Why can't you just use your existing bike on a trainer?


----------



## krisdrum (Oct 29, 2007)

There aren't many spin bikes out there in that price range. Some in the $400-600 range, but most go from about $900 +. 

So, are you saying you are spending more than $400 to replace tires, cassettes, chains and chainrings on an annual basis due to riding on a trainer?


----------



## Caadmandu (Nov 28, 2011)

I mounted a street tire on the back of a mnt bike I never use for about $15 and use that as a trainer. Does the job and doesn't wear out the tire. Found me a cycleops trek fluid trainer for $50 and I'm good to go. I agree with not using your good bike to train on for wear and tear reasons.


----------



## Zipp0 (Aug 19, 2008)

I found a nice Schwinn spin bike on Craiglist for $35. Used it for a year and sold it for $50. I got a trainer with power and other nice feature so couldn't justify holding on to it.

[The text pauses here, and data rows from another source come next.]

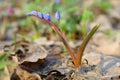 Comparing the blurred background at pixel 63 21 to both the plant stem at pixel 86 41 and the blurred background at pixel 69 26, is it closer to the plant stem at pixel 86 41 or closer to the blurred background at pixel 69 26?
the blurred background at pixel 69 26

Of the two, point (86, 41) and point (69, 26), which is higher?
point (69, 26)

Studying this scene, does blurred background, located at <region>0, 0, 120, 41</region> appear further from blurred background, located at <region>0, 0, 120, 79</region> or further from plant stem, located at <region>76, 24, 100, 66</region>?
plant stem, located at <region>76, 24, 100, 66</region>

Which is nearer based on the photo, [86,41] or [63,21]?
[86,41]

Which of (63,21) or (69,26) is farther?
(69,26)

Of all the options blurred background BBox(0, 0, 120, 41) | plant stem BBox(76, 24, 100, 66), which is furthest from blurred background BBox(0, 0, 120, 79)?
plant stem BBox(76, 24, 100, 66)

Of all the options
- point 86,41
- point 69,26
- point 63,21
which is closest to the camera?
point 86,41

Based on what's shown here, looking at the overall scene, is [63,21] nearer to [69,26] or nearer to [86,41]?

So, check CL. In about 3 months there will probably be a ton of exercise equipment - after people give up on the new year resolution and realize the spin bike is now a laundry hanger.


----------



## iluvsette (Mar 20, 2010)

krisdrum said:


> There aren't many spin bikes out there in that price range. Some in the $400-600 range, but most go from about $900 +.
> 
> So, are you saying you are spending more than $400 to replace tires, cassettes, chains and chainrings on an annual basis due to riding on a trainer?


The point is I don't want to use my bike on the trainer due to additional wear and tear. The bike belongs outside on the road. I have 3 trainers sitting in my basement. One is broken and the other one is worn out. The third on is ok but none of them have ever had enough resistance. I also do not like the instability of my bike on the trainer. 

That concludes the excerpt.